Everything from the line with "Open the cuff" through the final line of the listing below must be retyped exactly, apart from the pictures.

= Dataset excerpt =
------------------------

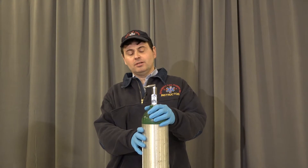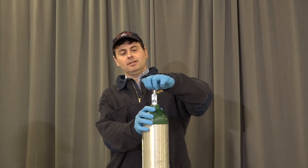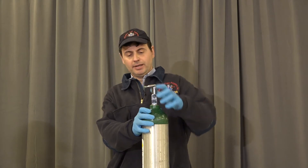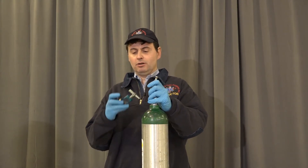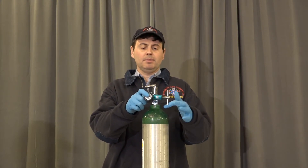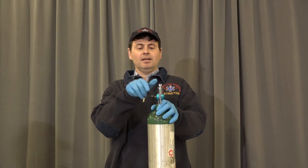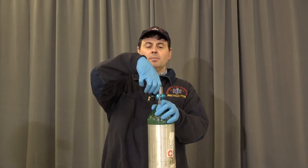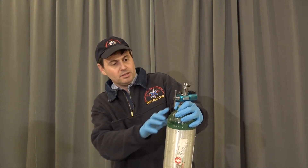As we assemble the oxygen tank, the first thing we're going to do is crack the tank to blow out any dust or debris. We're going to take our regulator, make sure the O-ring is in place, line up the pins in the holes, hand tighten it, and open the valve one complete revolution.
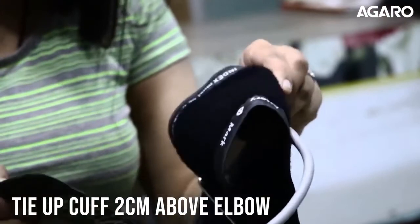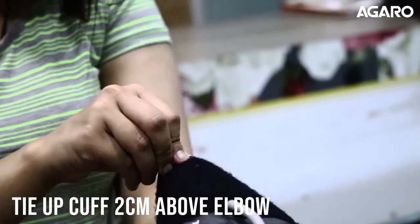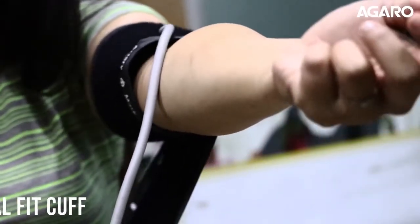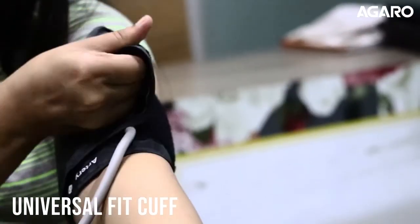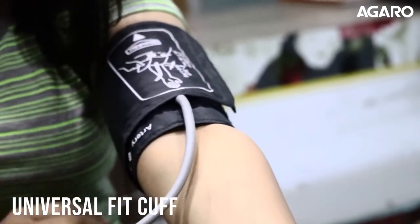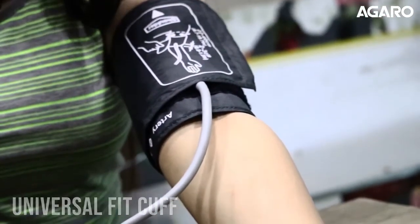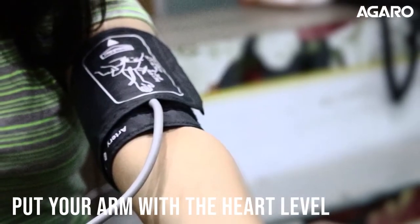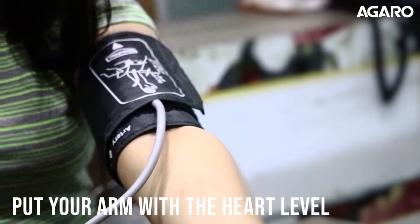Open the cuff and place it on your left upper arm around 2cm above the elbow and secure the cuff for a snug fit. The large sized cuff is extremely comfortable to wear and fits mostly on all arm sizes. Attach the pump cable to the device and put your arm on a flat surface, preferably in line with your heart.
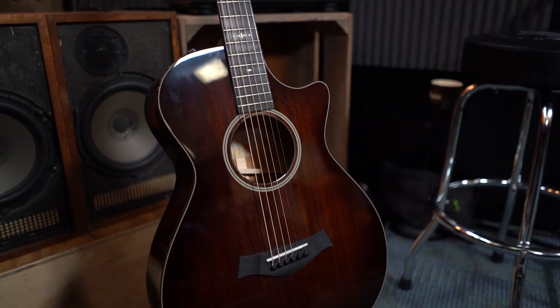Michael, what could you tell me about this one? Rob, this is a 522 CE. It's our Grand Concert shape, the smaller finger style shape. What's new about the Grand Concert this year is we've added the B-Class bracing.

------------------------

= Answer to this exercise =
Open the cuff and place it on your left upper arm around 2cm above the elbow and secure the cuff for a snug fit. The large sized cuff is extremely comfortable to wear and fits mostly on all arm sizes. Attach the pump cable to the device and put your arm on a flat surface, preferably in line with your heart.
Michael, what could you tell me about this one? Rob, this is a 522 CE. It's our Grand Concert shape, the smaller finger style shape. What's new about the Grand Concert this year is we've added the B-Class bracing.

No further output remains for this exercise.